## Task to carry out
Copy out the listing that follows, exactly, without its pictures.

## Supplied information
════

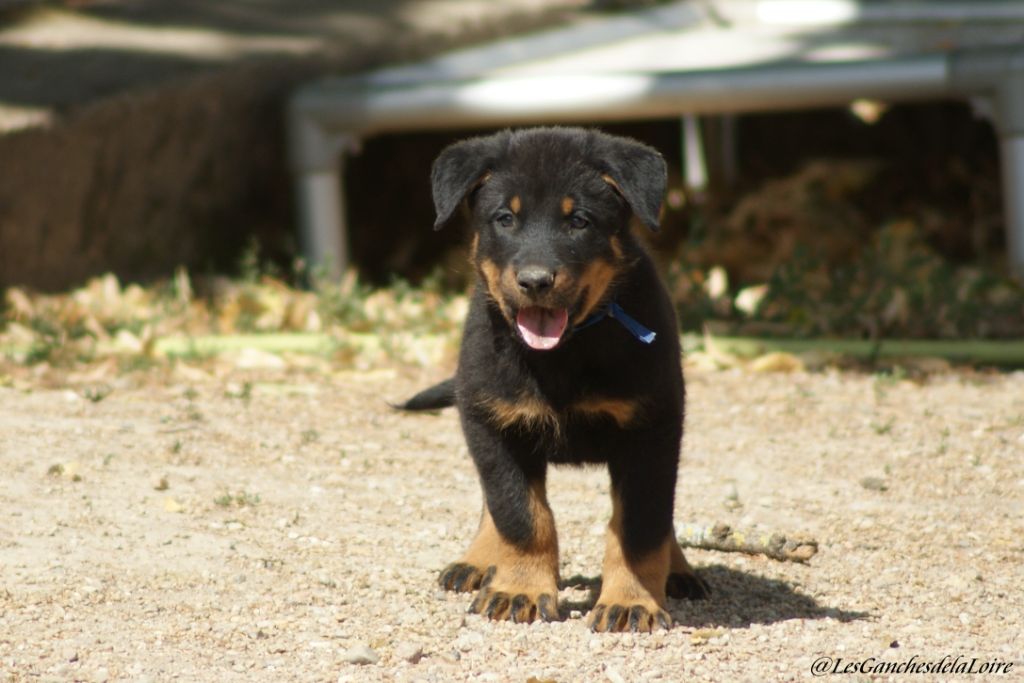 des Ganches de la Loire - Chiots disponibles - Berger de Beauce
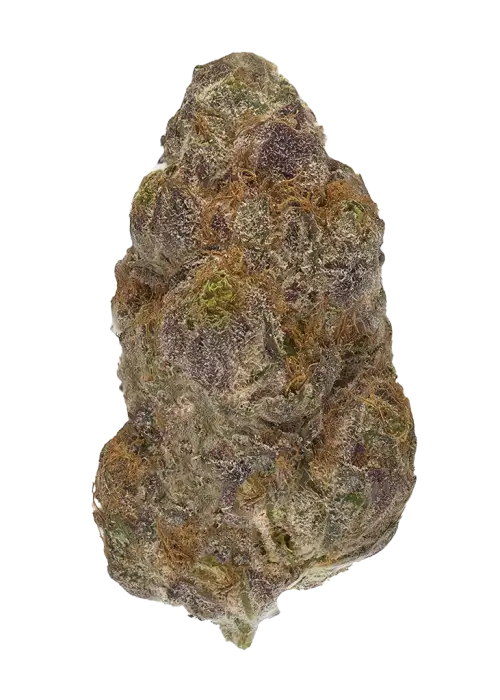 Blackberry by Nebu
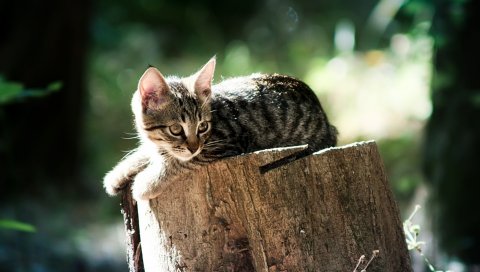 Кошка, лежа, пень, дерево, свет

════

## Written answer
 des Ganches de la Loire - Chiots disponibles - Berger de Beauce
 Blackberry by Nebu
 Кошка, лежа, пень, дерево, свет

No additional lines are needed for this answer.